2011 re MobileMe http://www.businessinsider.com/steve-jobs-mobileme-failure-2...

The tech matters in that it must work, but what they've really been lacking is a cohesive story around how all of this stuff works together and what it enables people to do. Right now, my biggest interaction with iCloud is constantly being reminded that I'm out of storage on it, randomly, sometimes via CarPlay while driving.

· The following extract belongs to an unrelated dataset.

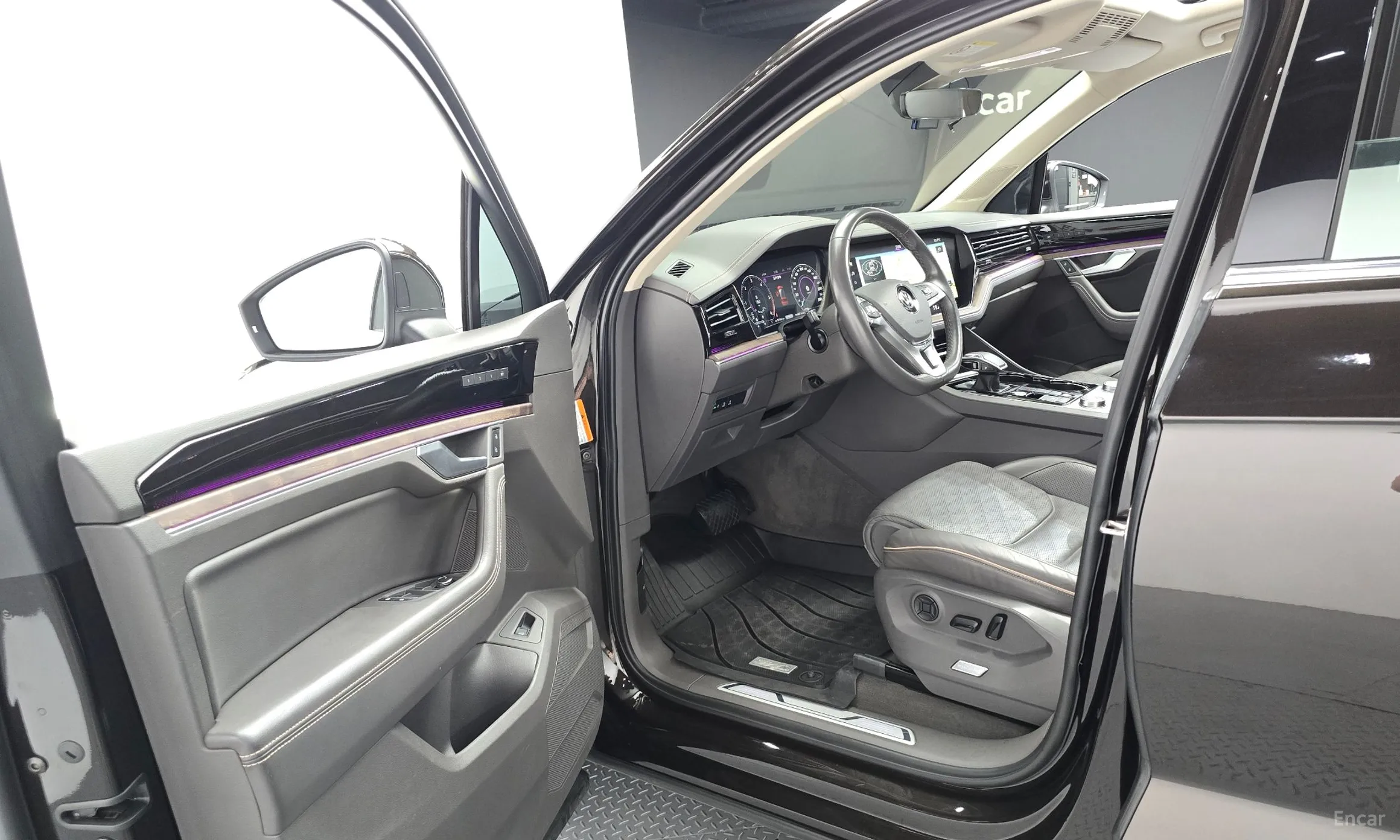 Volkswagen Touareg 3rd Generation превью 10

Apple is a hardware company. Their software forays have been mixed. They do some awesome stuff and some terrible stuff. Many great iOS features were lifted from some combination of the jailbreak community + android. The App Store on Mac has some dumb limitations which have driven away some big and many small publishers. It's still hard to explain what iCloud does exactly and why storage on it costs $10/month for 1TB in 2017. The Photos app, which forcibly replaced the sometimes-liked iPhoto, regularly crashes / hangs for me when trying to import more than a couple hundred photos. It's awful and slow on a brand new top of the line maxed out rMBP when opening my library with ~20k photos. I don't really believe that I'm an outlier in how many photos I take, but the experience is awful, I can't enable any type of debug status / anything to tell me what it's actually doing, can't go back to iPhoto, Aperture is discontinued, and the storage format for the Photos library is not just flat files of the original sources, so it's basically impossible to switch to any other management software for this task (plus the iPhone won't sync with many other pieces of software). iTunes is and has been garbage for a decade and a half at this point, and again it's forced upon you if you use an iPhone. Have a problem with your phone? Forget fixing the configuration despite it all being there (I used to be into jailbreak and you can basically fix anything if you want to badly enough), it's time for a hard reset. Enjoy spending the whole day resetting your 2FA tokens. Look also at what they've done with Final Cut Pro. Combine this with how it's impossible to upgrade the GPU in the current Mac Pro to anything resembling current best-in-class pro performance levels, and it's easy to make the argument that Apple doesn't care about pro users as of about 5 years ago. Ooh yeah, and about Apple Maps, HomeKit, discontinuing wifi routers, the Apple TV, watchOS...

Above all, to me, this represents an internal issue with their leadership. Very few people there seem to know how to manage a software product. Granted it's a difficult thing to do well, but honestly, to me, their losses far outweigh their wins in this space in the past decade. They've had some big missed opportunities and while I don't have insight into their leadership, I don't see that changing any time soon.

Despite all of this, they continue to print money and move tons of product, so I guess from a purely capitalistic standpoint, who cares...but I know that they could do so much better with this stuff, and that hurts.

"I know that they could do so much better with this stuff, and that hurts". Pretty much what's wrong with all monopolistic power holders. Technology disrupts so many things but not factors leading to monopolistic industries.
Apple still has a huge advantage with their iOS app ecosystem. They can introduce a hardware and add an SDK to iOS that allows their developers to create apps that seamlessly work on that hardware. But they need to come up with the hardware fast because Amazon will race far ahead otherwise.
Let's not forget their huge cash on hand. Apple could purchase its way into any market and technology at this point.
I really like apple stuff, but your sentence could have easily applied to Microsoft at the dawn of smartphones. Capital is not a guaranteed path to success.
Microsoft hasn't gone away. Both companies are huge successes. They've just got failures like everybody else. Unlike most, they're still owners of markets.